Maryland's highest court rules elections officials can count mail-in ballots early, Dan Cox loses appeal
The Court of Appeals, Maryland’s highest court, upheld lower court rulings on Friday that allow state election officials to begin counting mail-in ballots ahead of the November elections. The decision came just hours after lawyers for Del. Dan Cox, the Republican nominee for governor, and the state Board of Elections argued their cases. In its order, the court affirmed the decisions of Montgomery County Circuit Judge James Bonifant and the Court of Special Appeals that had rejected Cox’s claims that early ballot counting was unconstitutional.
It said it would give its reasons in an opinion to be published later.
Those decisions allowed local elections officials to begin counting mail-in ballots as early as Oct. 1, though none have done so yet.
The arguments before the court Friday centered around the definition of an emergency. Under state law, elections workers cannot start counting mail in ballots until after election day unless there is an emergency. Maryland was under a state of emergency declared by Gov. Larry Hogan in 2020 and the count could begin early. But that state of emergency has expired.

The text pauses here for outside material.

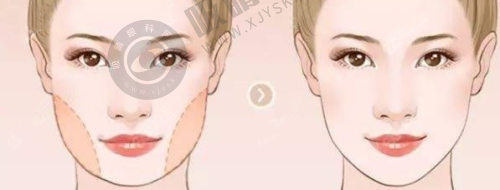 张建军 医生——仿生理双眼皮手术原理的创造者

Elections officials have said they still are faced with an emergency as they have been deluged with requests for nearly 550,000 mail-in ballots with five weeks to go before the election. They predicted final results could be delayed by more than a month, missing December deadlines for local officials to be sworn in to office. In Montgomery County, it took 36 days after the primary to finish counting and certifying results.
But Ed Hartman, Cox’s lawyer, told the court the law defines an emergency as something “sudden, unanticipated, unforeseeable, unexpected.” This was none of that, he argued. It is merely a “difficult situation” that had been contemplated earlier this year when the General Assembly passed – but Gov. Larry Hogan vetoed – a law that would have allowed for early counting.
Daniel Kobrin, the assistant attorney general representing the state board of elections, countered that there was no way the board could have foreseen that a “once in almost a lifetime event” like the pandemic in 2020 could “so fundamentally change the voting patterns in Maryland, and that the current statutory change framework for canvass and certifying results would not be fit would be so ill suited for that change in Maryland's voting patterns.”
Earlier in the day Cox said he was “very confident that the court is going to…uphold the constitutional process in Maryland so that regardless of the issue in the future, we don't have this continuing presidential concern.”
Cox hinted he might try an appeal to the U.S. Supreme Court if he lost, but said it was “not something that’s even considered at this point.” It isn’t clear what grounds there would be to get into the federal system.